– Я благодарю вас, адмирал, за проявленную ко мне снисходительность и прошу время подумать до завтра.

– Хорошо! – кивнул Дрейк.

Утром следующего дня Доути снова предстал перед Дрейком и произнес речь:

– Хоть я и виновен в совершении тяжкого греха и теперь справедливо наказан, у меня есть забота превыше всех других забот – умереть истинным христианином. Мне все равно, что станет с моим телом, единственное, что я хочу, – это быть уверенным, что я сподоблюсь к будущей лучшей жизни.

Поэтому я опасаюсь, что, оставленный на суше среди язычников, смогу спасти свою душу. Если же я решу вернуться в Европу, то для этого понадобятся специальное судно, продовольствие и команда. Если даже вы дадите мне все необходимое для плавания, то не будет желающих сопровождать меня в Англию, а если и найдутся таковые, то для меня путь домой будет той же казнью, только долгой и мучительной, вследствие моих глубоких душевных переживаний от сознания своей тяжкой вины. А потому я от всего сердца принимаю первое ваше предложение, обращаясь только с просьбой, чтобы мне дали возможность перед смертью принять святое причастие вместе с друзьями и умереть, как подобает джентльмену.

– Ваша просьба будет удовлетворена! – согласился Дрейк.

На следующий день Доути причастился вместе с Дрейком. После принятия причастия они вместе вполне дружески пообедали, подбадривая друг друга. На прощание выпили один за здоровье другого, «как если бы им предстояло лишь обычное путешествие», отметил в своих записках Флетчер.
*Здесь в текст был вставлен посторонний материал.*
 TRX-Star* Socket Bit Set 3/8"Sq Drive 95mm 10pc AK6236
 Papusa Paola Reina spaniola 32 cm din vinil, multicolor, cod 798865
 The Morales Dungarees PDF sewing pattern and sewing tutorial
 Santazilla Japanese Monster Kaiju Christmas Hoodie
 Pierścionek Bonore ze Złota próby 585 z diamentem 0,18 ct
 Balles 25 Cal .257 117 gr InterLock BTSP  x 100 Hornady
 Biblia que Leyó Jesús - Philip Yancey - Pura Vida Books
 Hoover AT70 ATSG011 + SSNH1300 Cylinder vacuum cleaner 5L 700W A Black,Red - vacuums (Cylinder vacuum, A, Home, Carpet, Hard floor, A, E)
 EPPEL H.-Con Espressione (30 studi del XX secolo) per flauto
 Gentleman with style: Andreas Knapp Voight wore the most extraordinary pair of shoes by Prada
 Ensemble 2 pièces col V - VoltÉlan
После обеда, не теряя времени, Доути встал на колени и обнажил шею. Взглянув на окружающих его людей, сказал:

– Я попрошу молиться за меня!

После чего, положив голову на плаху, сказал палачу:

– Делай свое дело без страха и жалости!

«По странной, роковой случайности, – замечает Флетчер, – инцидент в порту Святого Юлиана, которому место в жизнеописаниях Плутарха, произошел в том самом месте и примерно в то же самое время года, где 58 лет назад Магеллан приказал повесить X. Картагена, кузена епископа Бургосского, вице-адмирала знаменитой экспедиции. Наши люди нашли обломки виселицы, сделанной из мачты, а около нее – человеческие кости. В силу старого морского поверья, что если иметь при себе сувенир, сделанный из куска виселицы, то тебя никогда не повесят, судовой плотник сделал из деревянных обломков виселицы кубки для команды. Что касается меня самого, то я не видел великой нужды из них пить, – отмечает Флетчер. – Покидая остров, мы назвали его Кровавым островом».

И сегодня историки далеко не единодушны в оценке событий, связанных с обвинением и казнью Доути. Главным источником информации для всех поколений исследователей являются записки Ф. Флетчера. Но насколько священник был беспристрастным – это большой вопрос. Ведь писал и издавал он их в те годы, когда Дрейк был в самом зените своей славы, его обожала вся страна, а королева публично демонстрировала ему свое благожелание. Впрочем, и Флетчер в своих воспоминаниях заступается за казненного. Он пишет: «По странной, роковой случайности этот безымянный остров в гавани Юлиана, который мы назвали Кровавым островом, мог бы прибавить к Плутарховым параллельным жизнеописаниям новую пару: пятьдесят восемь лет до нашего происшествия на этом же месте, приблизительно в то же время года, за такое же преступление понесли казнь два участника Магеллановой экспедиции, один из них – его вице-адмирал. Наши матросы нашли обломки виселицы, сделанной из соснового дерева, из мачты, довольно хорошо сохранившейся, а около нее – человеческие кости. Наш судовой бочар поделал из этого дерева кубки для матросов, хотя не все видели нужду пить из таких кубков. Мы вырыли на острове могилу, в которой вместе с этими костями похоронили тело Доути, обложили могилу большими камнями и на одном из них вырезали имена похороненных в назидание тем, кто придет сюда по нашим следам.